Venessa Miemis is trying to get a group of ‘change agents’ to collaborate, and is finding it hard going:
Venessa Miemis, How Will We Collaborate if We Can’t Trust Each Other?
The next few years are going to be defined by a culture of learning and interactivity that involves more trust, and so naturally, more risk. If we’re going to go beyond just sharing links with each other to actually *helping* each other, working together, experimenting, prototyping, and adapting to changing circumstances, *we* have to first change in order to make that possible.
I’m in the process of experimenting with this firsthand, bringing people together into an online collaboratory space, and I’ll admit – it’s not easy. We’ve got a group of ‘change agents’ who want to do things together, to form ad-hoc teams around short-term projects, make something cool happen and improve our world and our lives — but how to begin?
Each of us is a free agent, delicately riding the edge of chaos and uncertainty as we try to pave our own path. Each of us likes the sound of a peer-to-peer culture, a transition from scarcity to abundance, a move from a transactional economy to a relational economy (ht jerry michalski), and a redefinition of value and wealth. Each of us sees the promise of a new way of working, living, and Being.
And yet there is still fear.
Are you gonna steal my idea? Are you gonna follow through with your commitments? Are you gonna take the credit? Am I gonna get screwed — yet again?
My question to you is: How do we transcend this, surrender, and take the next leap of faith?
Assuming you are curious enough about the possibility to find out how it could work, what is the critical component that’ll inspire you to jump?
For me, it all comes down to trust.
Not just blind trust in everyone else, but trust in myself and a commitment to move past fear and into action. Lead by example and see who wants to come with me. Become aware of who I’m connected to and choosing carefully with whom I want to build things. Take small risks together so we can gain momentum. Start having some Collective Epic Wins.
I think Venessa is trying to do something that’s very hard: she’s trying to get a group to form a collective, with a shared set of principles and shared goals. And she’s right. To get there you have to build deep trust: a polite way to say that the folks in the collective have to sort out the politics involved. In general that can take months, even when the participants share a great deal in common in education, background, and temperament.

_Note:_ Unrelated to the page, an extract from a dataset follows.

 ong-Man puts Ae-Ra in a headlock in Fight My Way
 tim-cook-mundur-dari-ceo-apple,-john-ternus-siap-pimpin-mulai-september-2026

But why form a collective? As she points out, it’s risky. If you want to build things, you can define a small project to test some ideas, and form a Hollywood-style project team to accomplish it. Instead of trying to collaborate on a big, wholly integrated vision of the future — where everything has to be discussed and agreed on before the first thing gets done — just cooperate on something fast, small, and low risk.
The way of the future is cooperation, not collaboration.
Among other reasons cooperation merely requires swift trust, a well-researched human universal. People are capable in some circumstances of relaxing their general desire to establish deep trust — that time-consuming, political practice —and will simply adopt a role in a project, and suspend their disbelief about other’s motives, etc. This is a way to get folks to suspend their innate concerns about trust and control. In these contexts, people start with the presumption that the others in the project are professionals and that everyone will focus on doing their jobs as best as the can. A lot of communication is needed to keep it all working, but much less than in deep trust organizations, like the conventional enterprise.
This is how freelancers generally work, and it’s the way that cities work.
But Venessa and her friends are involved in forming a collective, and there is no short cut for them. They will need to build deep trust, and establish processes and practices, and politics to manage them.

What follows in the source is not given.